Dans l'Administration de la Torture, deux avocats étasuniens de l'Union des Libertés Civiles détaillent les conclusions d'une enquête de plusieurs années et des batailles juridiques avec l'administration qui ont abouti à la libération d'une énorme quantité de données sur le traitement et les morts des prisonniers détenus par les USA.

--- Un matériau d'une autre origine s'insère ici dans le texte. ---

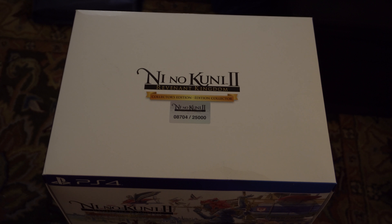Hey there YouTube, France Hopper here. It's Saturday, March the 24th, and finally, after many delays, Ni No Kuni 2 is finally here.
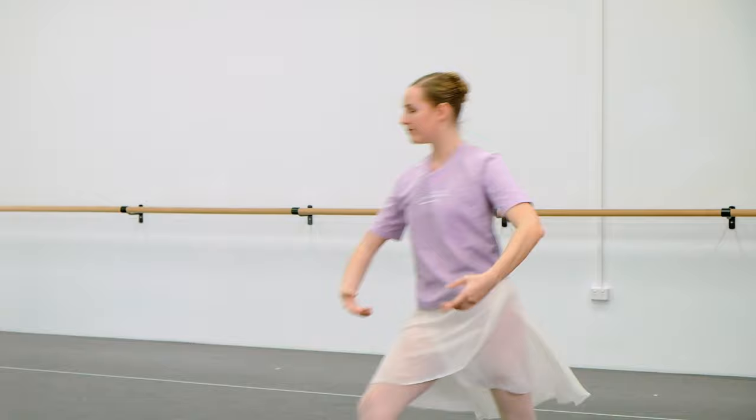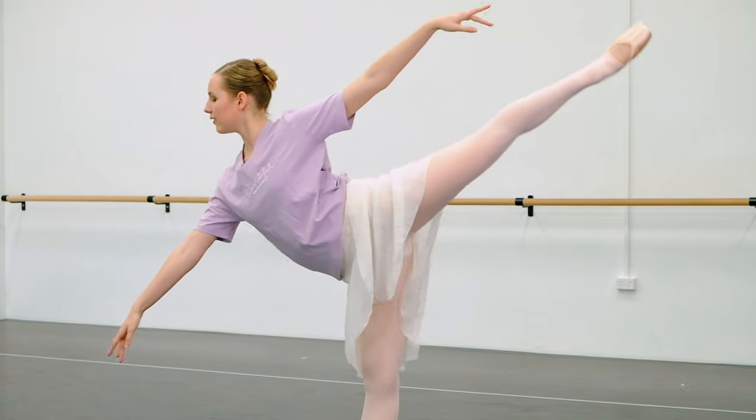Second tip: with the back leg, you want to keep that back leg as high as possible when you go down. Think of a V shape. Make sure not to be back on your leg — be forward so you can get that leg up.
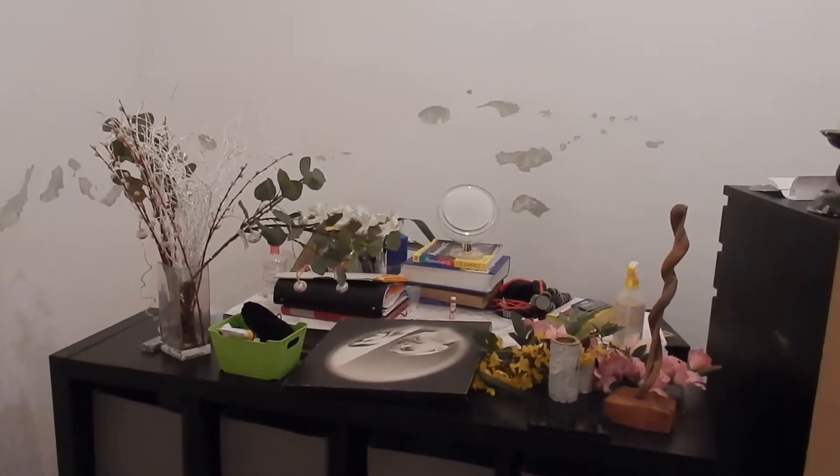My filming setup is about to change because I used to film facing this direction, but when we wanted to redecorate, we discovered that behind our desk is this. So we are trying to figure out A. how to dry these walls and B. how to fit the whole filming thing into here with our new desks and all that.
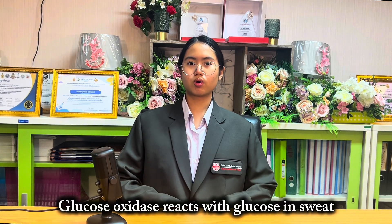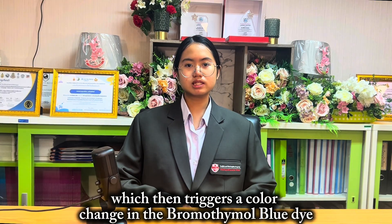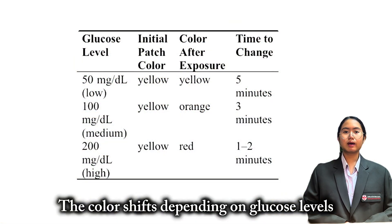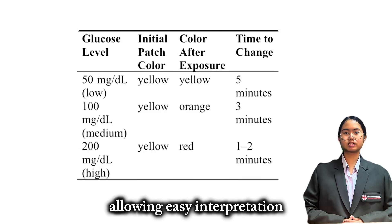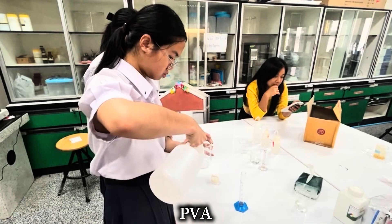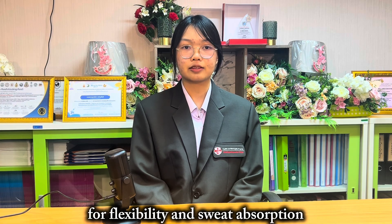The science is simple but effective. Glucose oxidase reacts with glucose in sweat to produce hydrogen peroxide, which then triggers a color change in the bromothymol blue dye. The color shifts depending on glucose levels — low, medium, or high — allowing easy interpretation. We developed our hydrogel using PVA, starch, glycerol and water for flexibility and sweat absorption.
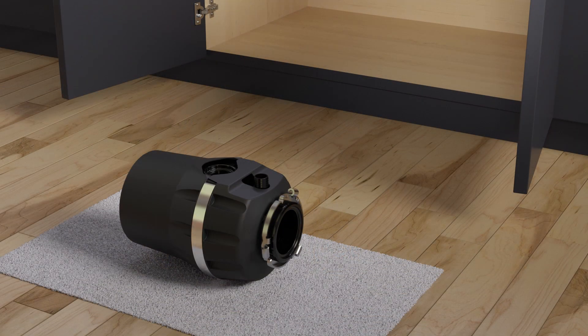If the dishwasher drain hose will be connected to the disposer, knock out the drain plug with a screwdriver and remove it with pliers. Do not remove the drain plug if a drain hose will not be connected to the disposer.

« Les documents montrent sans ambiguïté que l'administration a adopté certaines des méthodes de la plupart des régimes tyranniques », écrivent Jameel Jaffer et Amrit Singh. « Les documents de Guantanamo décrivent des prisonniers enchaînés dans d'atroces positions contraignantes, » détenus dans des cellules glaciales, dénudés de force, cagoulés, terrorisés avec des chiens militaires, et privés de contact humain pendant des mois.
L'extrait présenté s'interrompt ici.